Settings of the unrolled algorithms: For the GLAD model, we used the standard initialization as recommended by the authors (refer Fig.3). We chose the number of unrolled iterations L = {15, 30}. For the GRNUlar model, we used the standard initialization of the thresholding parameters ρnn, λnn. Now, we need to decide the dimensions of neural network (NN) which fits the regression between the input TFs and the output genes in the fitDNN-fast function. Our general strategy is to have number of hidden layers, depth ≥ 2, of the NN. We roughly choose the number of hidden units in layer ‘j’ as Hj ≥ 4 · Hj−1 and we also satisfy #TF ≤ H1. The number of epochs to fit the regression is decided using the results on the validation dataset. We empirically observed that we need around [200, 500] iterations to fit the neural network in the goodINIT function. We chose the unroll parameters L = 15 and the values of P = {2, 5, 10, 20} with 2 or 3 layers neural network for our experiments.

Fig. 3:
  • Download figure
  • Open in new tab
Fig. 3:

Minimalist neural network architectures designed for the problem dependent parameterizations ρnn & Λnn of both the unrolled models (taken from GLAD work).

For both the unrolled methods, we chose 2 models based on AUPRC and AUROC results on the validation data. We use the scaled loss function (Eq. 16) to jointly optimize for MSE and Fβ loss. The values of β used in our experiments were chosen from the set {0.5, 1, 2, 5}. We implemented the unrolled algorithms using PyTorch and were ran on Nvidia P100 GPUs.

3.2 Evaluating GRN inference methods on synthetic data

In this subsection, we aim to conduct an exploratory study to gauge the generalization ability of the unrolled algorithms for the GRN inference task using the synthetic data simulator.

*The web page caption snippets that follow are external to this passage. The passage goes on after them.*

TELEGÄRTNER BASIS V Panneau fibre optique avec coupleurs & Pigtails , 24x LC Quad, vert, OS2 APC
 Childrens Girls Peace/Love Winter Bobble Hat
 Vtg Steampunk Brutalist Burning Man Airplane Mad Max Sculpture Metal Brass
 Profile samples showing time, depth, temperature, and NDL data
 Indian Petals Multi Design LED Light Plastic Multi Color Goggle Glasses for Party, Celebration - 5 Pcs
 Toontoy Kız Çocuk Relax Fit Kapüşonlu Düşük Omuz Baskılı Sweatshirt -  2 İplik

We compare all the algorithms on various simulator settings and list our key observations.

Graphs and expression data for training: To provide supervision for the unrolled algorithms we use the SERGIO simulator. To create random directed graphs (GRNs) we first decide on some number of TFs or master regulators. Then, we randomly add edges between the TF and the other nodes based on the sparsity requirements. Also, we randomly add some edges between the TF themselves but exclude the self-regulation edges. We further add minimal number of edges to maintain connectivity of graph as it is a requirement for the simulator. This graph is then given as input to the SERGIO simulator to generate corresponding gene expression data. For the experiments in this subsection, we take train/valid/test=20/20/50 graphs respectively with number of genes D=100. All these graphs were sampled from similar settings. We usually choose the ratio of TF with total number of nodes=0.1 (~ 10 TFs for D=100) and sparsity of training graphs=0.1. We want to highlight that we do not need many graphs to train the unrolled models as we are primarily learning the sparsity pattern from supervision and need small neural networks for the same, refer Fig.3.

From literature on sample complexity theory of sparse graph recovery, eg. (Ravikumar et al., 2011), we know that recovery of the underlying graph improves with the increasing number of samples. Hence, we ran our experiments with varying number of the total single cells, M=[100, 500, 1K, 5K, 10K]. We also observed that varying the number of cell types (corresponding to the number of clusters of the cells) of the SERGIO simulator considerably affects the GRN inference results, so we also evaluated the methods by varying the number of cell types of the simulator C=[2, 5, 10]. Note, we adjusted the number of cells per cell type to maintain same total number of cells.

SERGIO parameter details: SERGIO provides a list of parameters to simulate cells from different types of biological processes and gene-expression levels with various amount of intrinsic and technical noise. We simulate cells from multiple steady states. When simulating data with no technical noise (what we refer to as clean data), we set the following parameters: sampling-state=15 (determines the number of steps of simulations for each steady state); noise-param=0.1 (controls the amount of intrinsic noise); noise-type=“dpd" (the type of intrinsic noise is Dual Production Decay noise, which is the most complex out of all types provided); We set genes’ decay parameter to 1. The parameters required to decide the master regulators’ basal production cell rate for all cell types - low expression range of production cell rate ~ U [0.2, 0.5] and high expression range of cell rate ~ U [0.7, 1]. We chose K ~ U [1, 5], where ‘K’ denotes the maximum interaction strength between master regulators and target genes. Positive strength values indicate activating interactions and negative indicates repressive interactions and ±1 signs are randomly assigned. When adding technical noise, we add the dropout events which are considered to be a major source of technical noise in real data. Parameters which control the amount of dropouts include shape (which we set to 20) and percentile, which we vary among the values q = {25, 50, 75}. Larger q corresponds to higher technical noise. All other parameters are set to default values.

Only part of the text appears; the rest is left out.